Мы выбрались из кабины на горячую взлетную полосу. Солнце палило как бешеное. Жарко-то как…
Я вдохнул нагретый воздух, задержал его внутри. Выдохнул.
Выжил-таки. Снова. Молодец.
Люди выползали через распахнутый люк из салона на взлётку, падали на колени и целовали горячий бетон. Как я им и порекомендовал.
Нда. Легко отделались. А могли бы брызгами разлететься по всей этой полосе из конца в конец.
А потом на моем внутреннем информационном экране, о котором я признаться не вспоминал с момента пробуждения, только на планетарное время поглядывал, выскочило текстовое сообщение:
«Засчитано имперское достижение: 'Космический Спасатель Первого Уровня».
И тут же небольшой счетчик сменил цифру с тысячи на девятьсот девяносто девять. Маленький такой, отмеченный золотой короной на моем внутреннем экране, на который я не обращал внимания, больше замечая даты календарей, планетарные часы и количество пройденных шагов.
Так. А это еще чего было? Мне засчитали имперское достижение? Ух ты! Круто! А ведь я помню, что это за штука! За это же и награда полагается, ведь так? Ну-ка, чего там прибыло на личном счету?

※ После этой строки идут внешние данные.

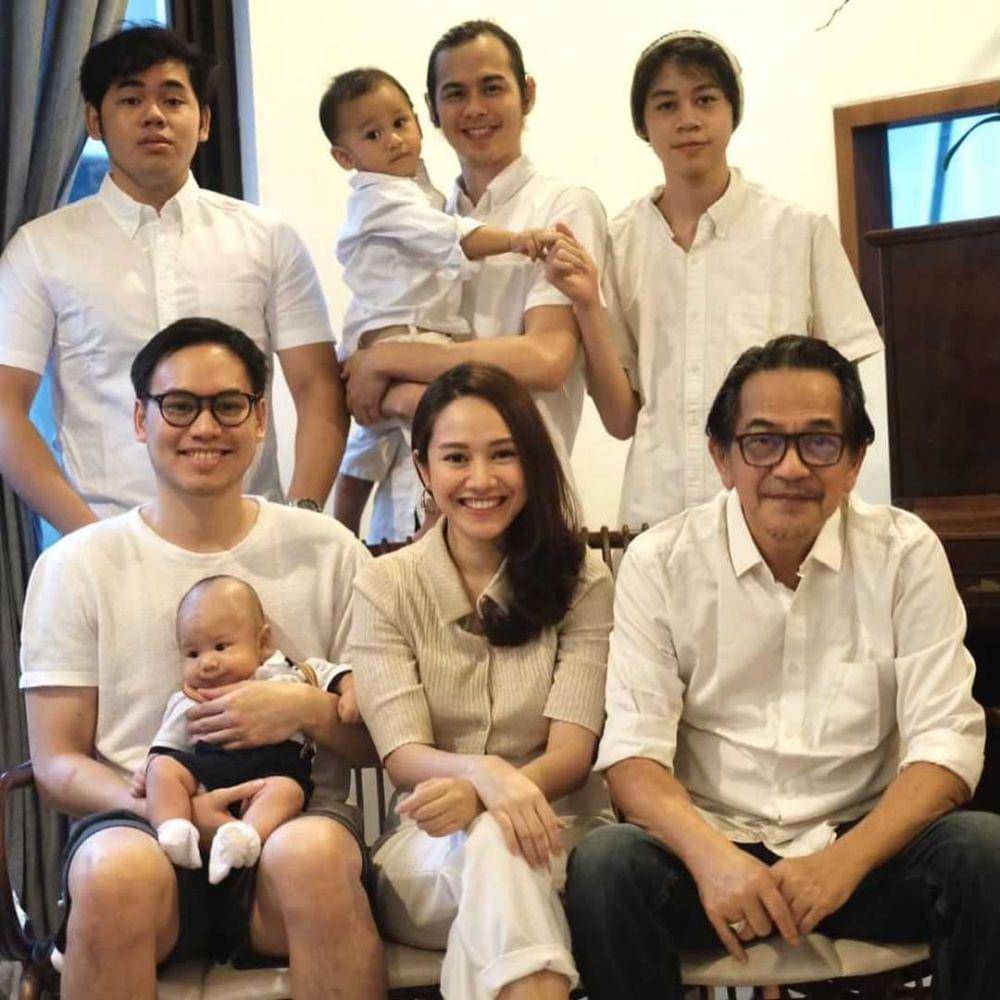 Ray Sahetapy bersama keluarga (instagram.com/raysahetapy)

«Баланс — 75 300 импер. валюты, 0 герберск. валюты».
А до этого оставалось в районе пятидесяти тысяч. Ну, награда хорошая такая, пятизначная. Только, конечно, в имперках, которые, подозреваю, тут никому нафиг не нужны, потому как на планете своя валюта ходит, герберки.

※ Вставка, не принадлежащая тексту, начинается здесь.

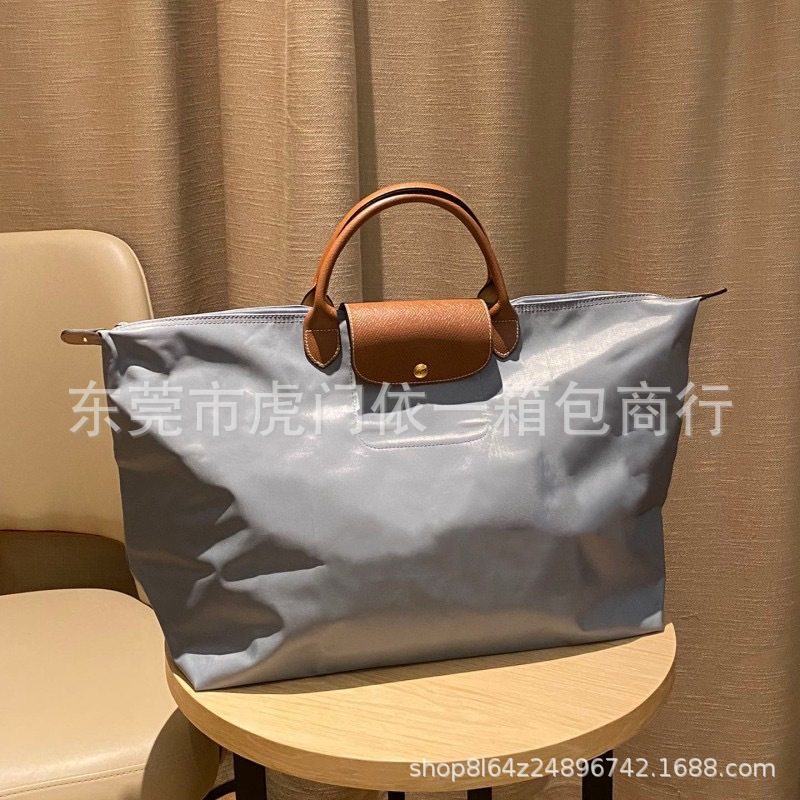 スチールグレー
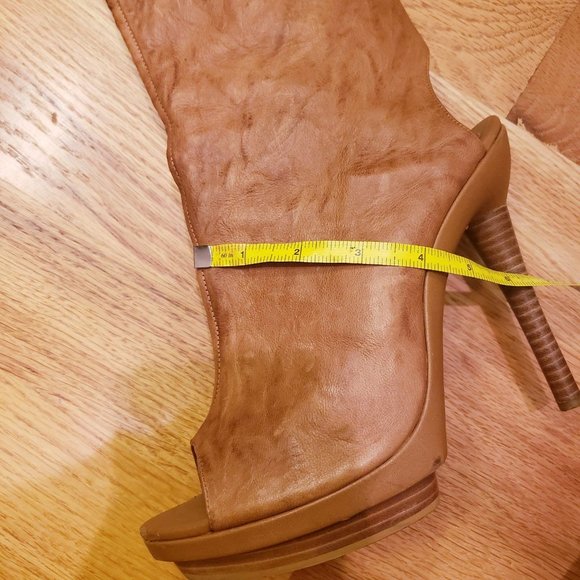 NWT - Luichiny Distressed Leather Bootie - Picture 2 of 2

Вернее, конечно, нужны, но только тем, кто занимается межпланетной торговлей, перелётами и закупкой флотов. Имперки — это «космические деньги», деньги космической державы. Все билеты и топливо, а значит, и ресурсы галактики, можно по-прежнему купить по факту только за них. Поэтому и такой бешеный курс до сих пор — один к тысяче.

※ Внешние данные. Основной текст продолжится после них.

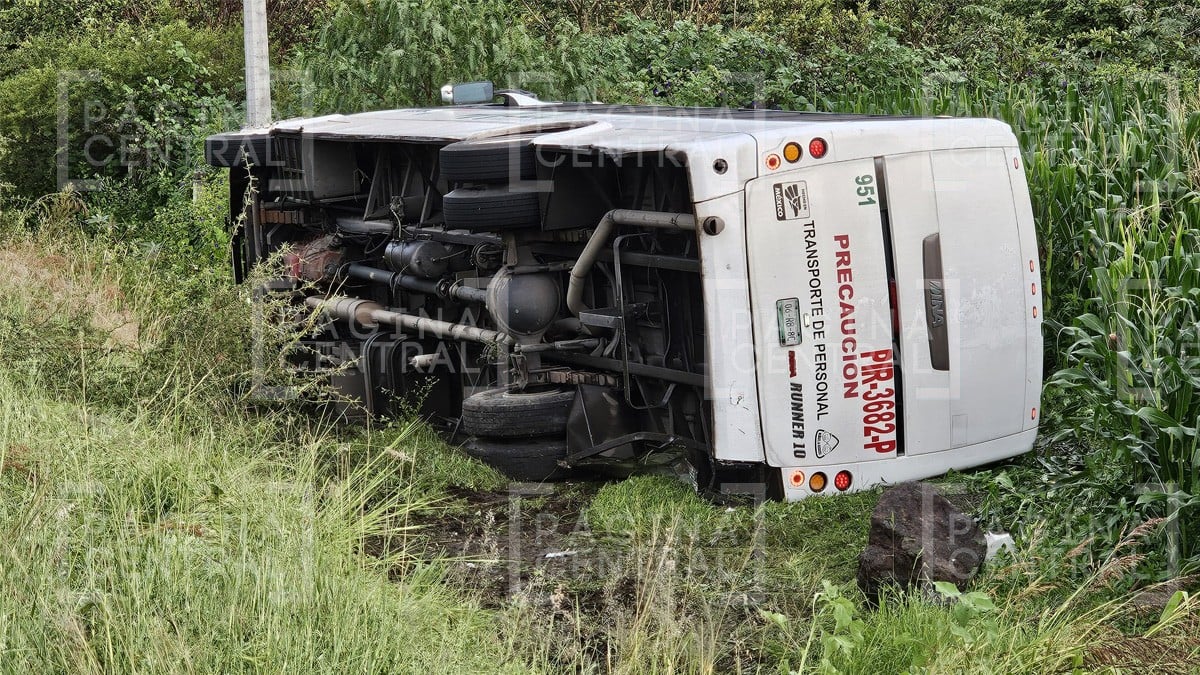 Vuelca camión de transporte de personal en el Eje Metropolitano; hay 17 heridos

То есть в перспективе мне гораздо нужнее имперки, чем герберки. Но пока что надо как-то будет придумать, как поменять одно на другое. Обмен валюты тут вообще имеется? Не удивлюсь, если для местной финансовой системы это большая редкость.
Я хотел было развернуть счетчик, помеченный короной, но в этот момент из челнока на летающих носилках Октавия со стюардессой вывезли пилота, и я отвлекся, потом посмотрю.
— Ну, что? — спросил я, приближаясь к носилкам. — Жить будет?
— Нет, — бессердечно ответила Октавия. — Лет через пятьдесят все равно умрет.
Надо было видеть лицо возмущенной стюардессы. Может она чего бы даже и сказала по этому поводу, но нас снова отвлекли.
— Эй, народ, вы чего вообще здесь?
Мы все повернулись разом.
Это был седобородый, но крепкий, как дуб, дед. В рабочем комбинезоне, в зеркальных очках и с огромным бластером, на плече. Фига себе, здоров дед. Да это же, я смотрю, вообще-то космический бластер, снятый с корабельной турели, с примотанной изолентой ручкой от дробовика. Такие бластеры вообще не для людей, и их только с помощью сервоскелетов переносят. В нём кило пятьдесят же!
Правда, учитывая, что гравитация тут была чуть поменьше средней по галактике — обращался дед с ним легко.
— Привет, — помахал я ему рукой. — А мы тут крушение потерпели.
— Ага, — буркнул, дед. — Ну, оно и видно, что потерпели…
— А вы кто? — поинтересовался я.
— А я здешний начальник, — отозвался могучий дед. — Исполняющий обязанности начальника Королёвского имперского космодрома.
— Как вы это гордо о куске бетона в пустыне, — улыбнулся я.
— Семёныч тут действительно начальник, — проговорил вдруг мой сосед по месту. — И тут действительно был когда-то космодром. А я даже не знал, что ты его прибираешь.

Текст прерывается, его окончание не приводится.